DESCRIPTION OF THE TASK
Using the data below, return word for word every line from the one holding "MB&F LM萬年曆18K金黃金材質錶款" down to the one holding "LED Mouse Pad". Leave pictures out.

(Beginning of EXERCISE MATERIALS)

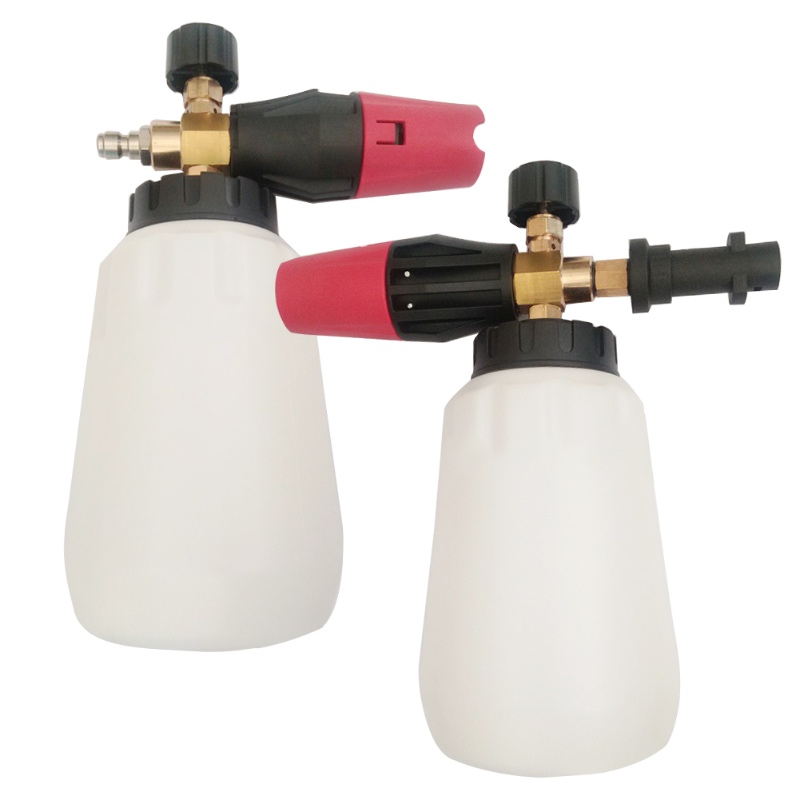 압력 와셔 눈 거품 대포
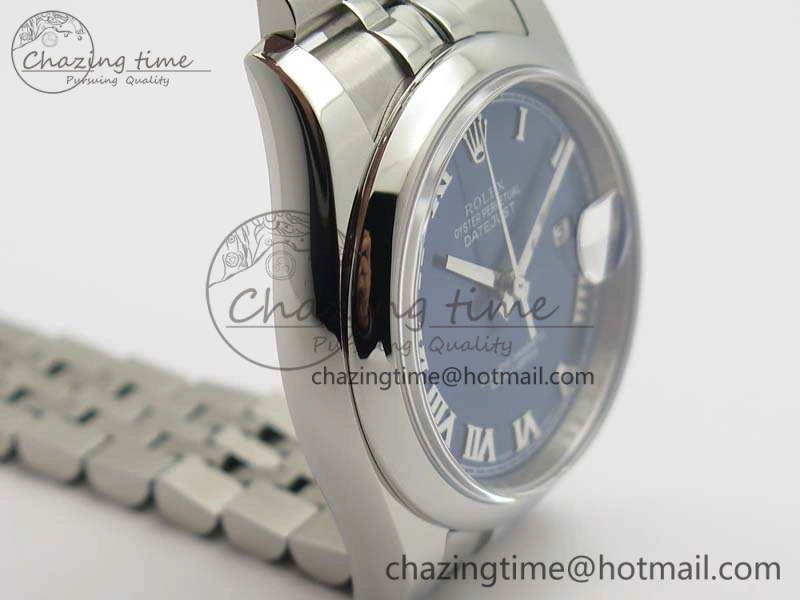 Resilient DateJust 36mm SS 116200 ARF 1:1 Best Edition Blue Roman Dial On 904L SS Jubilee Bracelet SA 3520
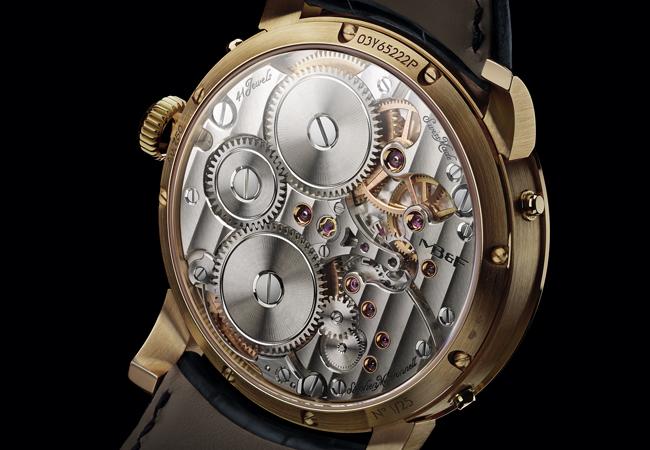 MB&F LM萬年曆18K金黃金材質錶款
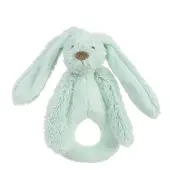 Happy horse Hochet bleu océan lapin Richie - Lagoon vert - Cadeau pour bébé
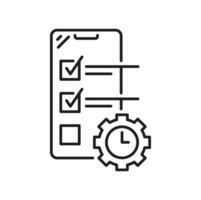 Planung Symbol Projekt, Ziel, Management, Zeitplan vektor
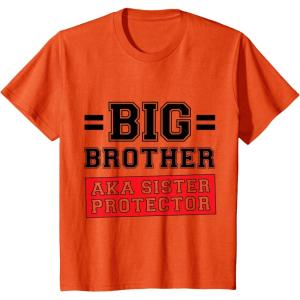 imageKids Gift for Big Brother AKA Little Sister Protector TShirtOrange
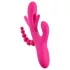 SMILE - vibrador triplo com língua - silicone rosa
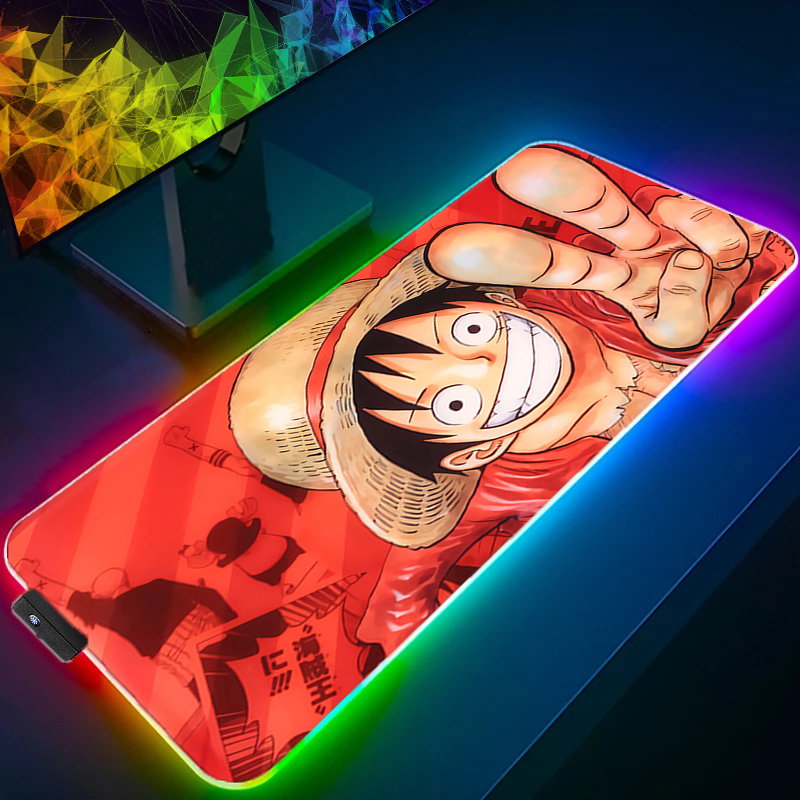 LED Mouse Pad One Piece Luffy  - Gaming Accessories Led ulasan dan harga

(End of EXERCISE MATERIALS)
(Beginning of EXERCISE MATERIALS)

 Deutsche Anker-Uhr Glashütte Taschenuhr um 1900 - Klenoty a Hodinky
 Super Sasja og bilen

(End of EXERCISE MATERIALS)
(Beginning of EXERCISE MATERIALS)

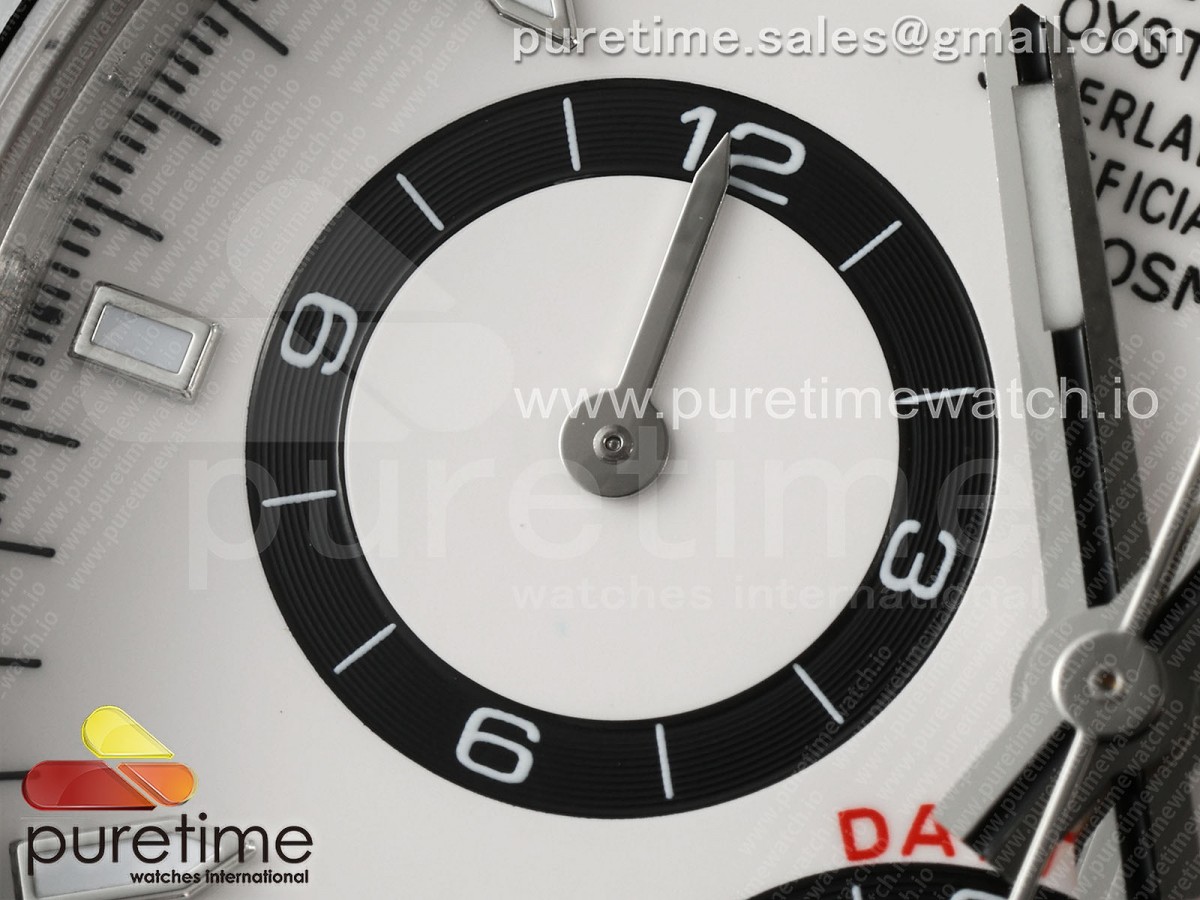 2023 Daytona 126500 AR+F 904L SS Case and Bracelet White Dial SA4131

(End of EXERCISE MATERIALS)

OUTPUT BELOW
 MB&F LM萬年曆18K金黃金材質錶款
 Happy horse Hochet bleu océan lapin Richie - Lagoon vert - Cadeau pour bébé
 Planung Symbol Projekt, Ziel, Management, Zeitplan vektor
 imageKids Gift for Big Brother AKA Little Sister Protector TShirtOrange
 SMILE - vibrador triplo com língua - silicone rosa
 LED Mouse Pad One Piece Luffy  - Gaming Accessories Led ulasan dan harga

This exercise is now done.